> _Your assignment_: Lines from the one with "Derhalli Munib DDS - Dentists in Vancouver" through the end of the listing below are to be retyped exactly.

> _Extracted entries_:

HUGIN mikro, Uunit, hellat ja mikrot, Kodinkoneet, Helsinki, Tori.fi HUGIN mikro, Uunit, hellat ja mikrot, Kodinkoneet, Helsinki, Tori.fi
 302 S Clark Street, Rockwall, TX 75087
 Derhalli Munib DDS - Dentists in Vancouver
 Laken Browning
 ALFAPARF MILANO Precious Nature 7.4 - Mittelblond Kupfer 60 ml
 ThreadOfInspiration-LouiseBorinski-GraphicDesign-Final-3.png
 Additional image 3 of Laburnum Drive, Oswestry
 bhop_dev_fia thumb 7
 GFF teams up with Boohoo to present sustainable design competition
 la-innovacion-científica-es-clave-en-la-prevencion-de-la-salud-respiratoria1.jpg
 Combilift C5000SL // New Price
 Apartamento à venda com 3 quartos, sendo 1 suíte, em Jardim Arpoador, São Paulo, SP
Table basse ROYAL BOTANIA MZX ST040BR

> _Solution for this problem_:
 Derhalli Munib DDS - Dentists in Vancouver
 Laken Browning
 ALFAPARF MILANO Precious Nature 7.4 - Mittelblond Kupfer 60 ml
 ThreadOfInspiration-LouiseBorinski-GraphicDesign-Final-3.png
 Additional image 3 of Laburnum Drive, Oswestry
 bhop_dev_fia thumb 7
 GFF teams up with Boohoo to present sustainable design competition
 la-innovacion-científica-es-clave-en-la-prevencion-de-la-salud-respiratoria1.jpg
 Combilift C5000SL // New Price
 Apartamento à venda com 3 quartos, sendo 1 suíte, em Jardim Arpoador, São Paulo, SP
Table basse ROYAL BOTANIA MZX ST040BR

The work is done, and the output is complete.